Vincent Fichot wants his wife to hand over the children to him. Vincent Fichot is prepared to use any means to do so. Vincent Fichot could take a dignified approach, on the other hand Vincent Fichot aggressively over a sustained period of time attempts to pillory and bully his ex wife into submission.

Politically, diplomatically and finally subjecting his own children to the spectacle of his sitting at the entrance to a train station in Tokyo staving himself to death.

It that the actions and behavior of a reasonable parent???

No!!!!!!

-15 ( +2 / -17 )

His absurd assertion that Japan kidnaps children, is at best hyperbole and in actuality a falsehood. They are individual acts by a spouse. Japan is not sending out squads off kidnappers with instructions to abduct children. It is typically the result of a failed marriage.

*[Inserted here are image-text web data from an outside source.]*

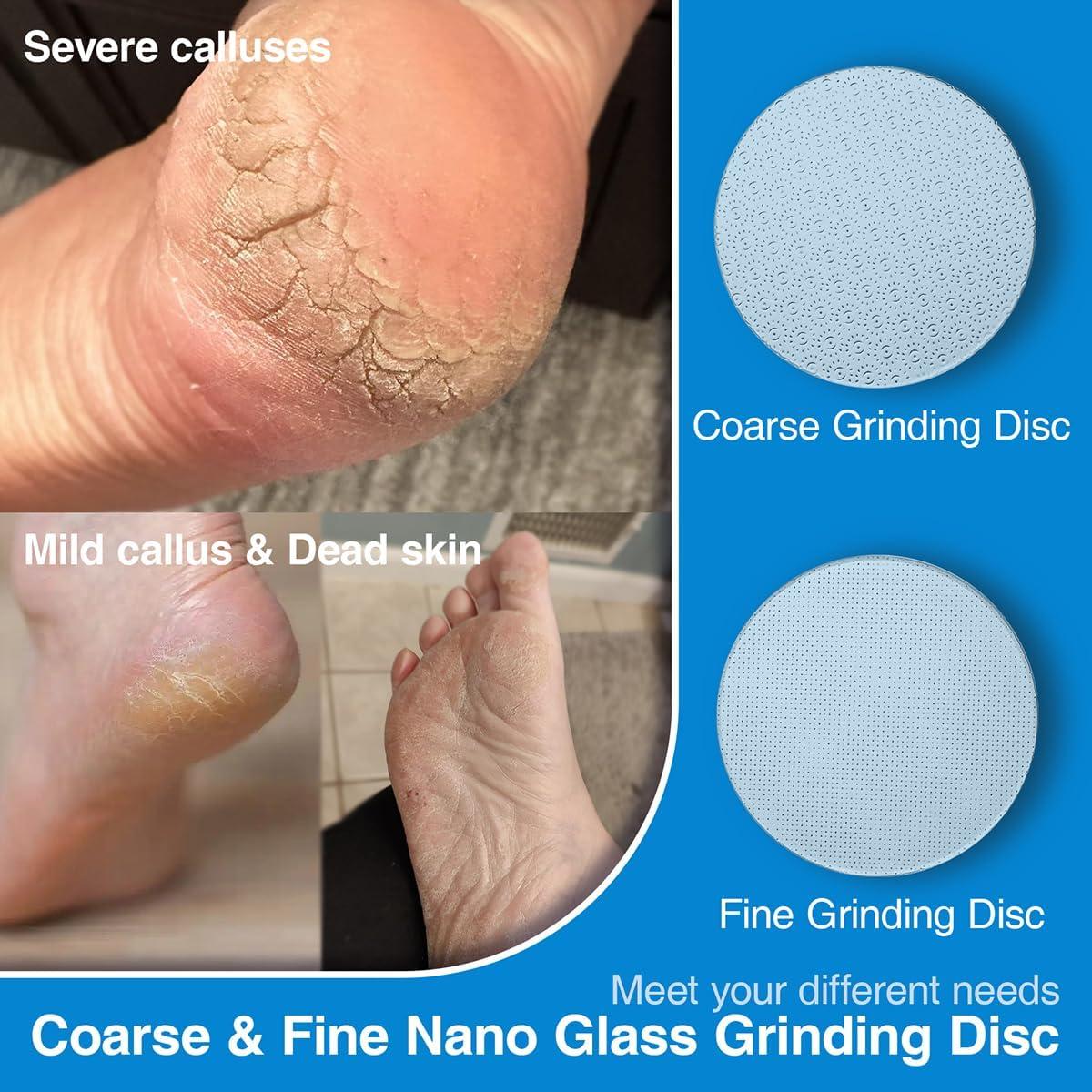 Disco de Lija de Vidrio Nano OZLICE para Removedor de Callos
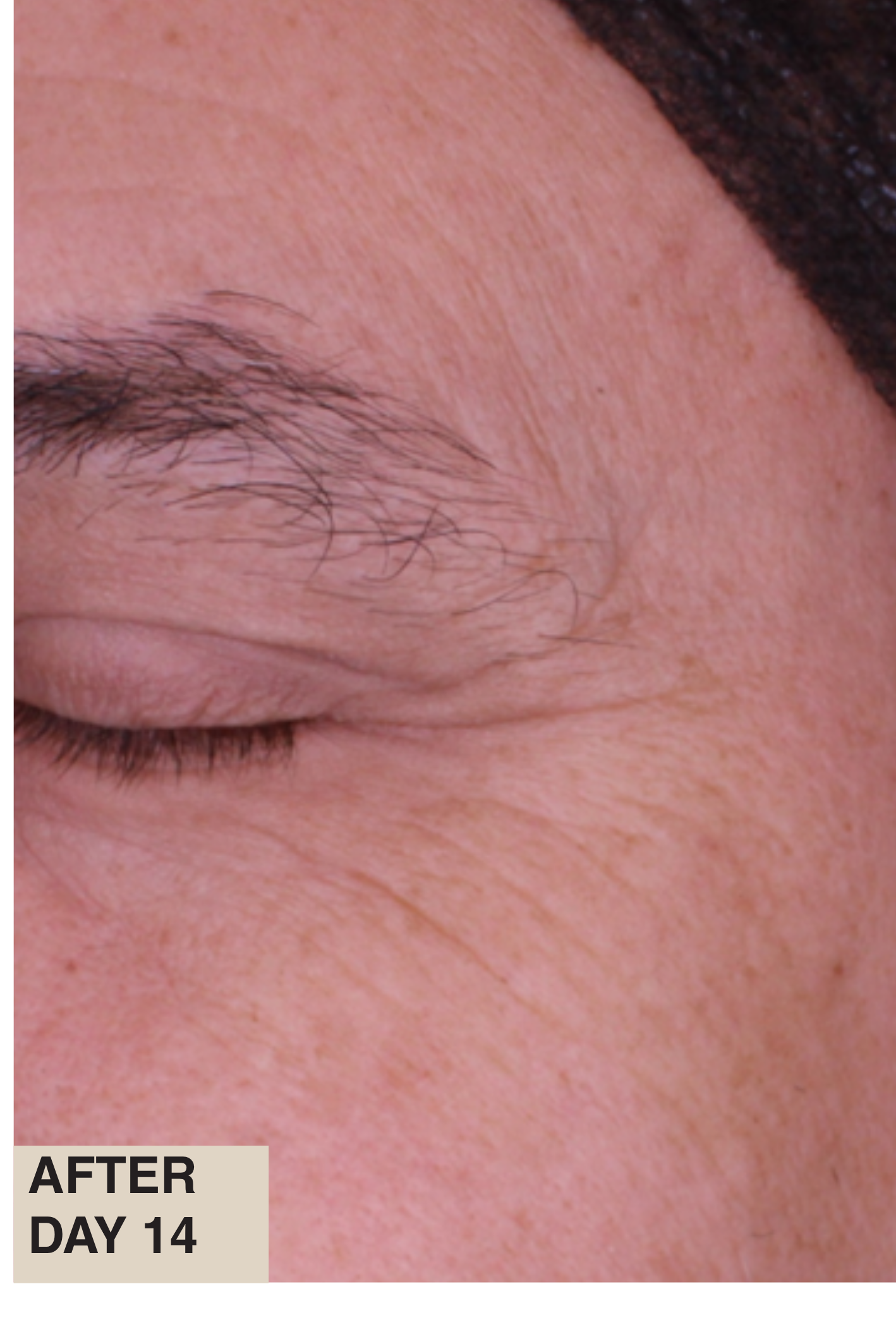 After treatment skin close-up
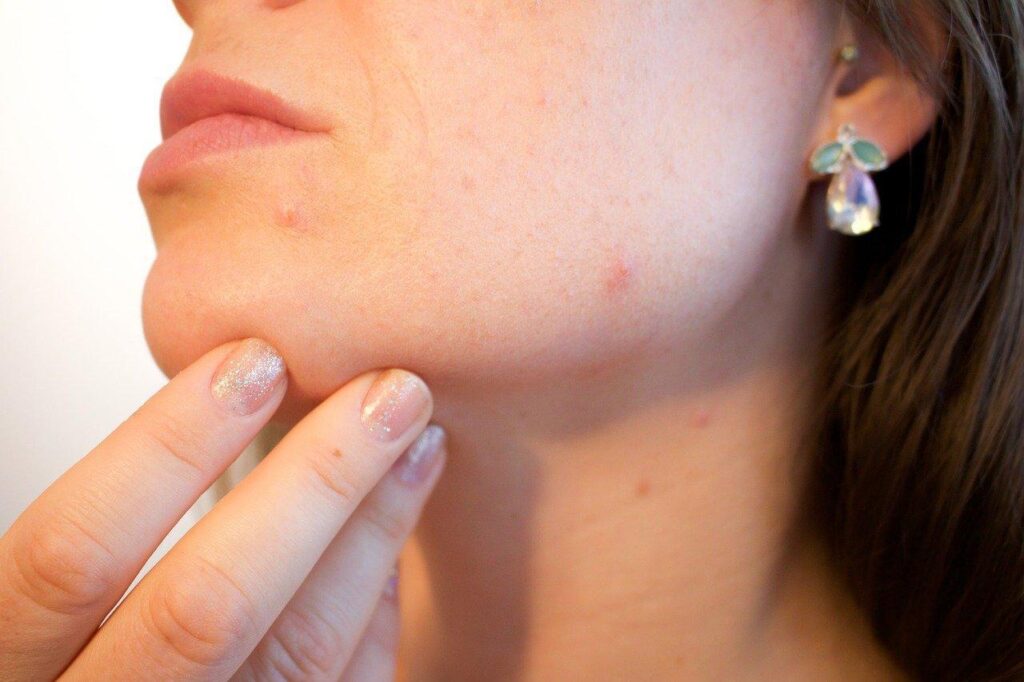 Reduce Your Acne Scars With Lasers and Lights
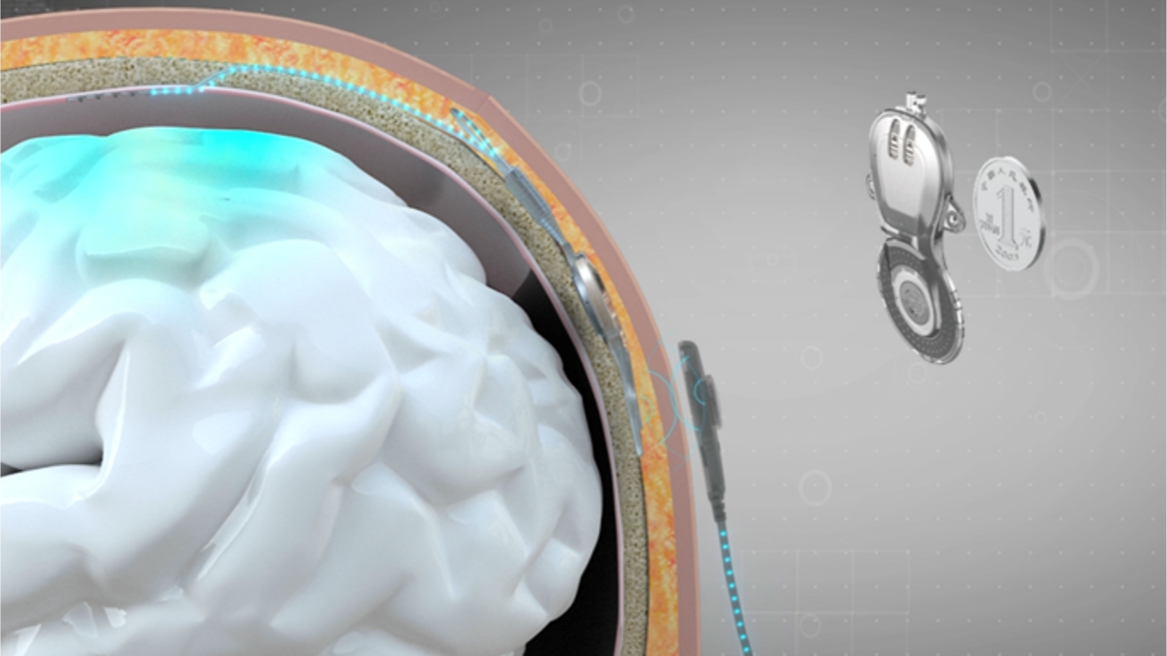 Illustration of the implantable brain-computer interface (BCI) medical device. /Tsinghua University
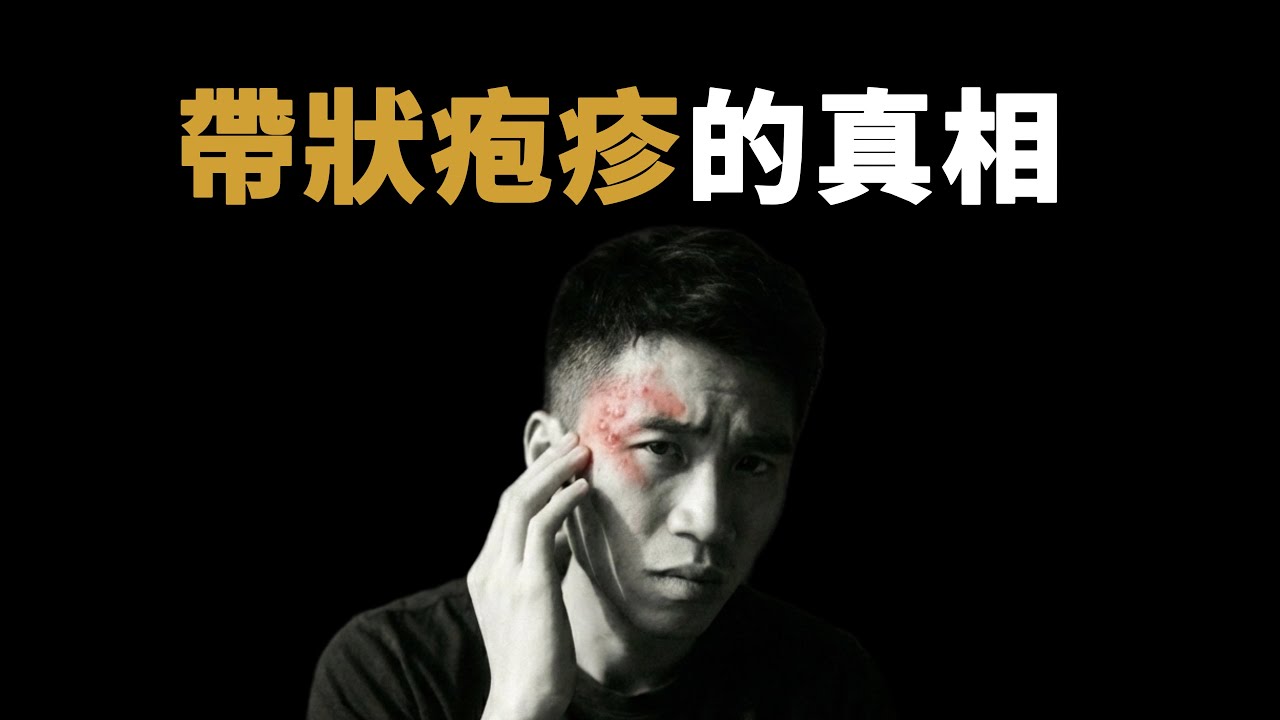 藏在90%的人體內的病毒，為什麼它沒有像天花一樣滅絕，為什麼會讓人這麼疼｜鹿哥Gustav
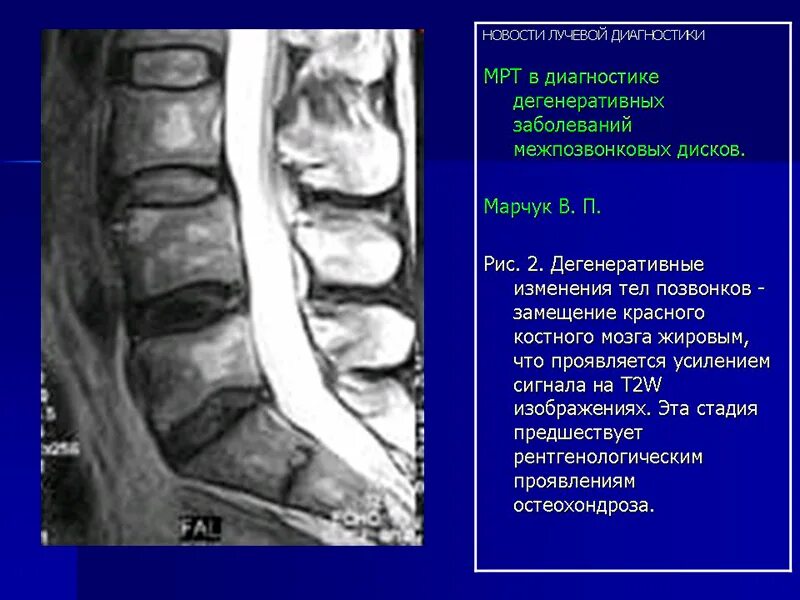 Реконверсия костного мозга мрт позвоночника. Инфаркт большеберцовой кости мрт. Отёк костного мозга коленного сустава на мрт. Мр сигнал от костного мозга. Инфаркт большеберцовой кости мрт.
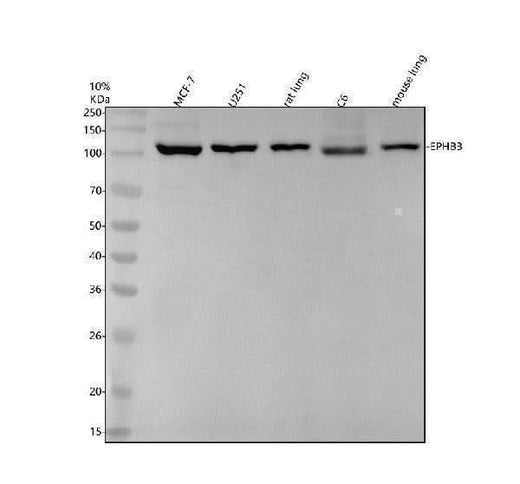 Anti-Eph receptor B3 Rabbit Monoclonal Antibody Boster Bio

And then you realize that Japan does nothing to prevent the abductions.

16 ( +19 / -3 )

Look we have no information into the circumstances of the breakdown of the marriage. yet we are prepared to proportion blame on the system.

Yes me too. all off the bat.

However, my instinct shouts out otherwise, yes my cynicism honed on my early years as research assistant for the UK political establishment. Screams out.

I can sense deception and duplicons mumbo jumbo almost second nature.

-16 ( +2 / -18 )

Maybe France should follow the same law as Japan and go quid-pro-quo towards Japan on such issues. One thing that I have always noticed about Japan is, if you mirror Japan, Japan cannot handle it.

In its undisguised favoritism for locals, Japan has always been adept at deploying the cultural argument to excuse and condone the glaring inconsistencies, outright unfairness and lack of reciprocity that characterizes its love/hate relationship with the outside world. It will be interesting to see whether his refusal to be cowed and temerity to confront the authorities of both countries with their hypocrisy elicits the usual stonewalling.

10 ( +12 / -2 )

Ok, what is known about Vincent Fichot  family?

Vincent Fichot wanted joint custody.

That could have given Fichot the opportunity or right to take the children to France.

Now, have to be very selective of diction, could not the court have taken this into careful consideration or concertation?

One thing for sure Vincent Fichot is not homeless.

I rode past the homeless, when at college in London, living in doorways.

Caked in grunge.

Vincent Fichot is not homeless, well groomed, he has access to finance, a revenue stream.